[What is needed]:
Reproduce exactly only the lines from the line that holds "Monnari Дамска чанта" to the line that holds "Prebaits Meetlint (150cm)", inclusive, in the listing below, and please leave out every picture.

[Available data]:
•••
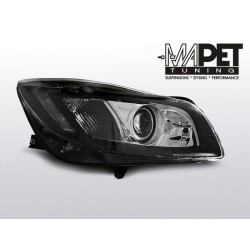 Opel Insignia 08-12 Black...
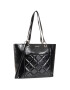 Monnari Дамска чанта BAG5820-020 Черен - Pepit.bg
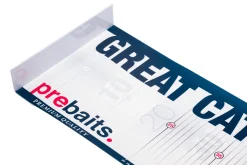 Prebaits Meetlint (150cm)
•••
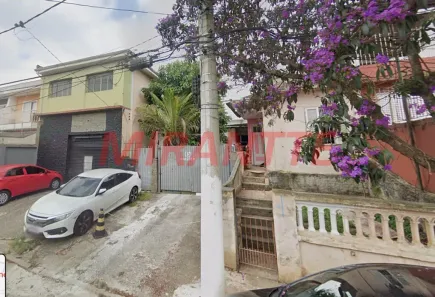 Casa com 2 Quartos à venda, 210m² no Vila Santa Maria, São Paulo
•••
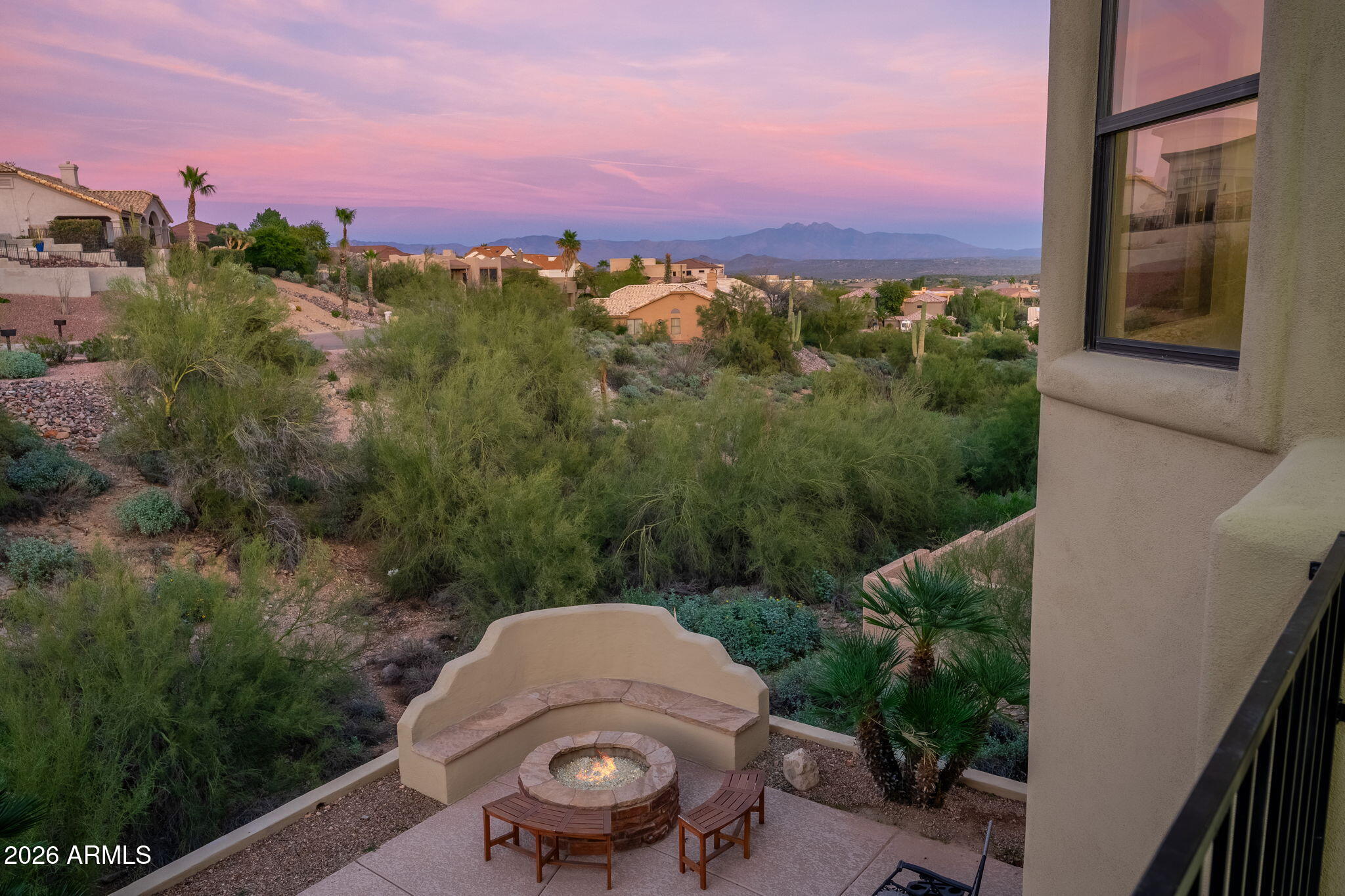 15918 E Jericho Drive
•••
[Exercise output]:
 Monnari Дамска чанта BAG5820-020 Черен - Pepit.bg
 Prebaits Meetlint (150cm)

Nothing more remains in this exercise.